Chapter 3
Genevieve.
Two films were released in Birmingham around this time – in other cities too – they were 'Genevieve' and 'The Dam Busters.' Genevieve, in particular, heavily influenced Finbar.
It was about two couples who, between them, drove their classic motor car, Genevieve, in the London to Brighton Classic Car Run.
Not a race, more a course to see if those beauties could make it through the Surrey and Sussex countryside, finishing on the Brighton sea front; sixty miles all together.
The cars had to be manufactured before 1905, so how many of the starters, were expected to finish is anybody's guess.
The speed limit was 20 miles per hour, starting at Hyde Park Corner, and if they made it to the beach before 4.30pm, they got a medal.
The big thing about the movie, for Finbar, was the music. It was played on a harmonica by the renowned American harmonica player, musician and composer, Larry Adler.
Larry Adler added to the movie's publicity, and appeared on television programmes for children, where he demonstrated various techniques, on how to play the harmonica, which he called a mouth organ.
The Dam Busters film came later, but Finbar was enamoured with Genevieve. He just loved that music.
On Christmas day that year, Finbar found a harmonica in his Christmas stocking. It was a chromatic, with a button to pitch the notes a semi tone higher. He loved it and practised more than the piano and, eventually, learned to play the theme from Genevieve.

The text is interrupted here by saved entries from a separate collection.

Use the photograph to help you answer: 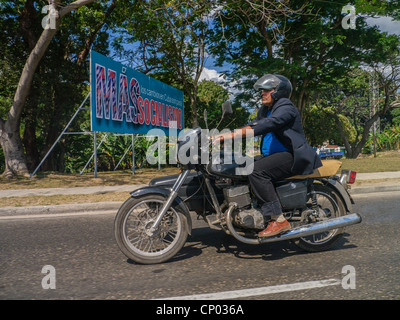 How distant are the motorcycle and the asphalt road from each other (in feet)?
0.75

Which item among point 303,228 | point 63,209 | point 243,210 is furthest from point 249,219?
point 63,209

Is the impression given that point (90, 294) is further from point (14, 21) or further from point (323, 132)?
point (323, 132)

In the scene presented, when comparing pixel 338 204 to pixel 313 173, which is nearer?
pixel 313 173

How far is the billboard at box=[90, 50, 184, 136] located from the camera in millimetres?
11995

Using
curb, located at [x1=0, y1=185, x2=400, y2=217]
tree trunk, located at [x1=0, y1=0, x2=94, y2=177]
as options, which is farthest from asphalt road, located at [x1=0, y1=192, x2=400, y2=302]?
tree trunk, located at [x1=0, y1=0, x2=94, y2=177]

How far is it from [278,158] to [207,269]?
139cm

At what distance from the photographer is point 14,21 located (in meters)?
16.8

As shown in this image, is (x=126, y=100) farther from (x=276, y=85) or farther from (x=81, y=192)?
(x=276, y=85)

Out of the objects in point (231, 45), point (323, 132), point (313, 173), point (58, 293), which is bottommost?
point (58, 293)

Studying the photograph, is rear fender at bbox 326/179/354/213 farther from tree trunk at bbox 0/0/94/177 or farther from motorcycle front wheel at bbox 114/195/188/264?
tree trunk at bbox 0/0/94/177

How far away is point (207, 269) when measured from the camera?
374 centimetres

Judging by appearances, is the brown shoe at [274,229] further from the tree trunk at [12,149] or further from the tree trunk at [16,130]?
the tree trunk at [12,149]

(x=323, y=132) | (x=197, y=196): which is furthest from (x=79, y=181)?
(x=323, y=132)

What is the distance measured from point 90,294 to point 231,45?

In the Larry Adler Programmes on TV the great man had to apologise to some children because they developed some kind of irritation or sores on their lip.

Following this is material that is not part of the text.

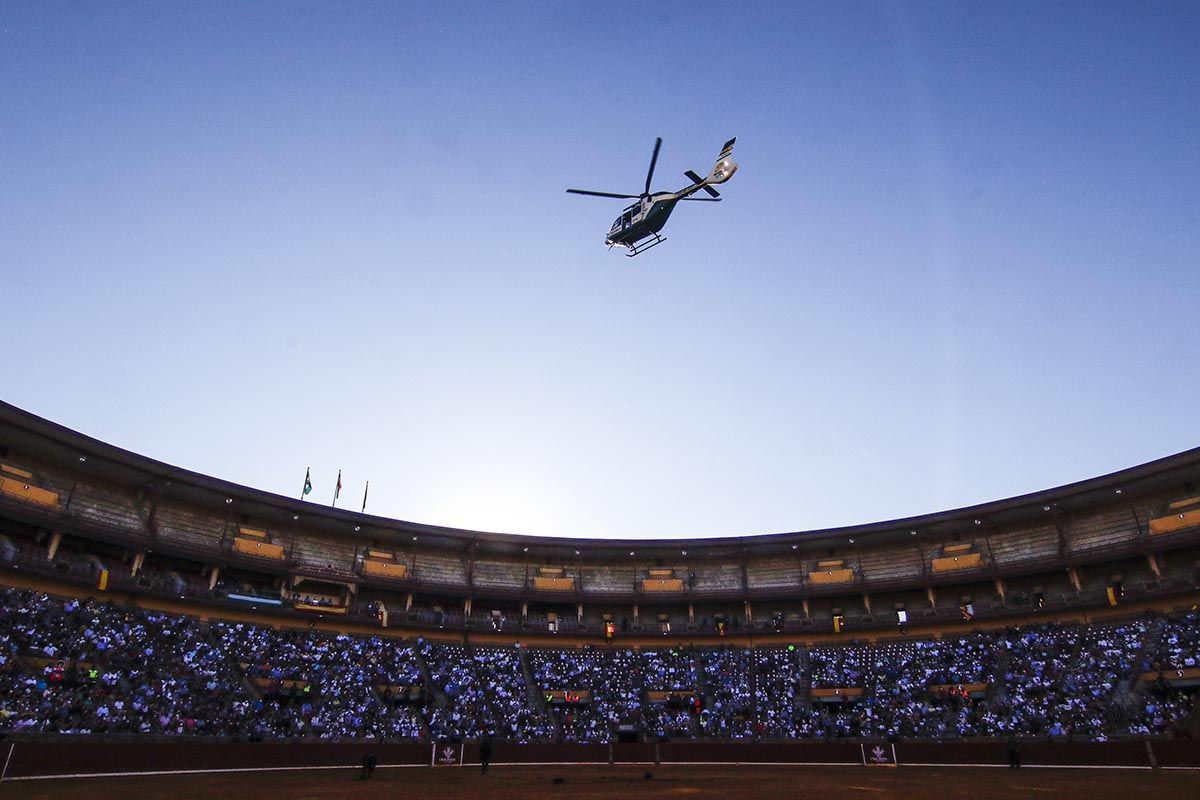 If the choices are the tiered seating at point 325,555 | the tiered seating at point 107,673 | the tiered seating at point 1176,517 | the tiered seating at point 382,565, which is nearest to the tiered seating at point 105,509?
the tiered seating at point 107,673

Finbar could never figure this out and could only deduce that they must have been trying to swallow the thing.
One day little Finbar was sitting in class wanting a pee; the teacher said it was OK for him to go and off he went.
On that day, Raymond Simmonds, a class mate, was playing the wag from school; playing the wag being the vernacular for playing truant, although playing truant is usually knocking time off from school without your parents' permission.
In Raymond's case his mother kept him from school that time.
So when Finbar came out of the boys' lavatory – there was Raymond Simmonds sitting on the school steps.
The first thing said was “The King is dead.”
They knew, even at the tender age of eight, that the king had been ill and in fact he had died in his sleep that morning.
There was one thing Finbar knew about the King: is that he looked like Gary Cooper, in Finbar's mind he did.
Finbar knew that the teacher didn't know about the king's death, nor the rest of the class or any of the other teachers.
If he went in to class and said something about the king he might be asked how he knew and that would get Raymond Simmonds into trouble as he would have to tell – so he kept it to him self for a while.
Sitting in front of him was Carol Balmond and next to her was Winifred Ecclestone; he was deeply in love with both of them. They turned around to chat and he flirted every day in his little baby ways and eventually, he had to tell one of them about the King.
When he did, she told the other and the other answered back “Now Princess Elizabeth will be Queen.”
Finbar went home for lunch and of course it was all true.
Everything seemed safe and at eight years of age Finbar walked home by himself, maybe with other kids, and maybe a half mile walk, after he dropped them off, where they lived, and sometimes even raining - or in the snow.
His mother, Carmel, was at home to feed and love him and the fifties never seemed dismal or in black and white.
On that day mothers outside the school told their children the bad news; the King is dead. Some kids cried; some of them didn't even know who the King was as they were too young but the grown ups certainly did.
Before breaking for lunch, as Finbar was sitting in the class with his big secret, it might have been the only time in his life when he was the smartest guy in the room?